Six years after it was set up, the company’s name was changed to Seiko Glass & Aluminium Co, and its catalogue expanded to include aluminium cladding and exporting to overseas countries.

But business flagged in the 1990s, due to the availability of cheaper aluminium cladding supplies from alternative sources like China. That was when managing director Rodney Cheong, 48, knew he had to do something to revitalise the business.

In 2002, he renamed the company Seiko Architectural Wall Systems to reflect its new specialisation — the design and installation of external facade systems. 

But this transition from supplier to contractor did not come about easily. 

Mr Cheong, who assumed leadership in 2001 after seven years with the company, says it requires a different mindset to run a contracting business as compared to managing a supply business.  

“If you go into the contracting field without being familiar with it, you may end up paying more than what you would make in the factory,” he says.

Mr Cheong would learn this lesson firsthand soon after making the transition. Helmed by a management team inexperienced in contracting, Seiko Architectural Wall Systems saw itself plunge so deep in the red in the early days that the business came close to folding in 2004. 

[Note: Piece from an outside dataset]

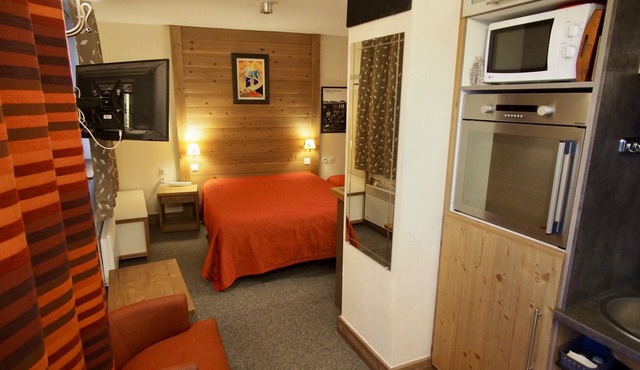 Risoul - Studio 407 - Pool/Sauna - WIFI - Great view - Foot of slopes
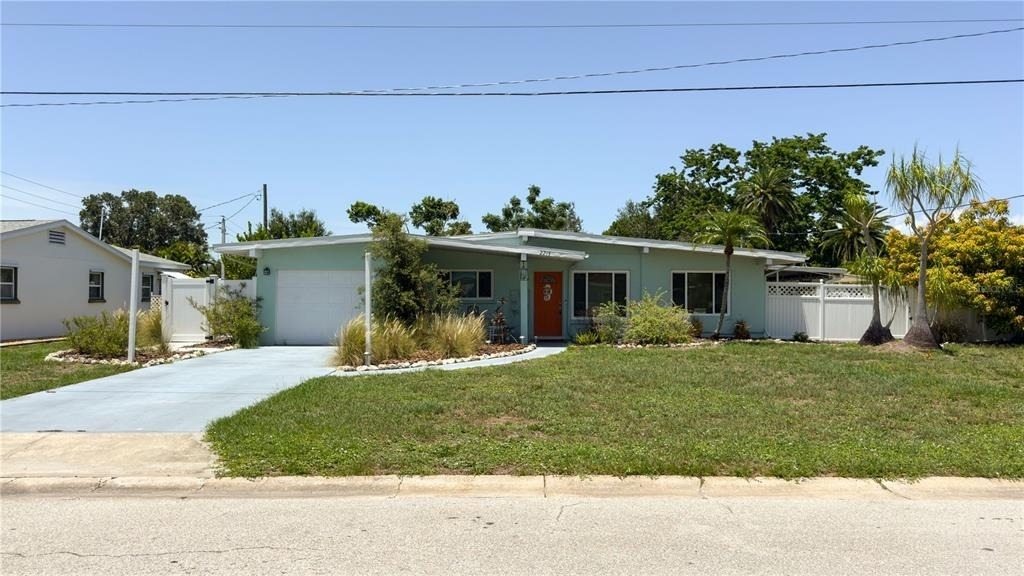 2215 Alvarado Lane - Photo 26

Only through the financial support of a close family member was Mr Cheong able to pull the company out of the gloom.


Helios Residences at Cairnhill Circle, one of Seiko Architectural Wall Systems’ projects. Photo: Seiko Architectural Wall Systems

Perseverance pays off
To get the company back on track, the team pursued any and all types of jobs.

According to Mr Cheong, Seiko staff would travel from company to company, asking for contracts. 

“No job was too small then,” he recalls. “We would take any job that came to us.

“We would even take the jobs other people scoffed at, including contracts valued as low as $300,000.”

This dogged perseverance has paid off. Today, Seiko receives contracts ranging from $10 million to $30 million — a far cry from the days when its employees had to make door-to-door visits and take on small jobs. 

The company has left an indelible mark on buildings across the country — for instance, the beautiful facades of The Light and Helios Residences at Cairnhill Circle, and the Carlton Hotel Singapore at Bras Basah Road.

Currently, its subsidiary companies are working on several projects in the Novena and Tanglin areas. 

Even though it nearly brought him to financial ruin, Mr Cheong knows that switching his business model from supplying to contracting was the right choice to make.

He says: “Business models are dynamic. It’s difficult to make the switch overnight, but in the end, you have to do what’s best for the company.”

No one can accuse Mr Cheong of not having the company’s best interests at heart either. He works six-and-a-half days a week, taking time off only on Saturday and Sunday to have lunch or dinner with his family. 

Unlike most other managing directors, he regularly makes site visits to get first-hand updates on progress, morale and site logistics. As a result, his dress pants and shoes often have concrete dust marks on them. 

Still, he shrugs and says such measures are “necessary”.

“Running a business is about having information,” he says. “It’s all about knowing the market, and more importantly, knowing yourself.”